## What to produce
Each line of the data that includes "sale" must be copied.

## Available data
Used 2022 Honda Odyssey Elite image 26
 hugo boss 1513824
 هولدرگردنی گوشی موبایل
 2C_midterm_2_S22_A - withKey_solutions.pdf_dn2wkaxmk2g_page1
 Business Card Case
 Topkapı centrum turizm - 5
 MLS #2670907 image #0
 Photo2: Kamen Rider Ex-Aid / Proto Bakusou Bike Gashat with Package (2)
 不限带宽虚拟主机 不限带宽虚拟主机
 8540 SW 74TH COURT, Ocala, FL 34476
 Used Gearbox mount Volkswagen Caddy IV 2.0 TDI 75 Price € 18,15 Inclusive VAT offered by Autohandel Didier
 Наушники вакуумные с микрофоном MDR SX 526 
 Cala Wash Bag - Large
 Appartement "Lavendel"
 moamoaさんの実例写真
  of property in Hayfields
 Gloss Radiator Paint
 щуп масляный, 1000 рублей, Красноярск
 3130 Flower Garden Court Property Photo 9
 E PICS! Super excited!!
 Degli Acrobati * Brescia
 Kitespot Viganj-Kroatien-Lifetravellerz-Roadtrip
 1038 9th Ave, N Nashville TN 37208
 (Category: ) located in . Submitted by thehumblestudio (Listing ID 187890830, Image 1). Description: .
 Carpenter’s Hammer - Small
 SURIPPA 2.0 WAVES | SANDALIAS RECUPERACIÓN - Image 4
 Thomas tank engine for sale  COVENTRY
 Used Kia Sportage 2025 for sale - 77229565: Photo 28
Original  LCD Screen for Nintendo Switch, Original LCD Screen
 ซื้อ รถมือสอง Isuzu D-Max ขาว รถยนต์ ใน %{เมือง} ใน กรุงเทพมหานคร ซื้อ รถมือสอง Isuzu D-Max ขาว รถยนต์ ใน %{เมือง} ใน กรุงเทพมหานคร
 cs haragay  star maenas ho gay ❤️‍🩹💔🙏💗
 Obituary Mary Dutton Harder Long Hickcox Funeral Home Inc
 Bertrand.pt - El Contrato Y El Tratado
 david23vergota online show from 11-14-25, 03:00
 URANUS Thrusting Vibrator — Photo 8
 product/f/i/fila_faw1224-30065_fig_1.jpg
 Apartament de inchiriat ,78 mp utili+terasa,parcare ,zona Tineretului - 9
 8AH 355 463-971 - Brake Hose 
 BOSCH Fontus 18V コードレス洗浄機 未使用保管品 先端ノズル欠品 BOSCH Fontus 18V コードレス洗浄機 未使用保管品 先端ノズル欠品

## Final answer
 Thomas tank engine for sale  COVENTRY
 Used Kia Sportage 2025 for sale - 77229565: Photo 28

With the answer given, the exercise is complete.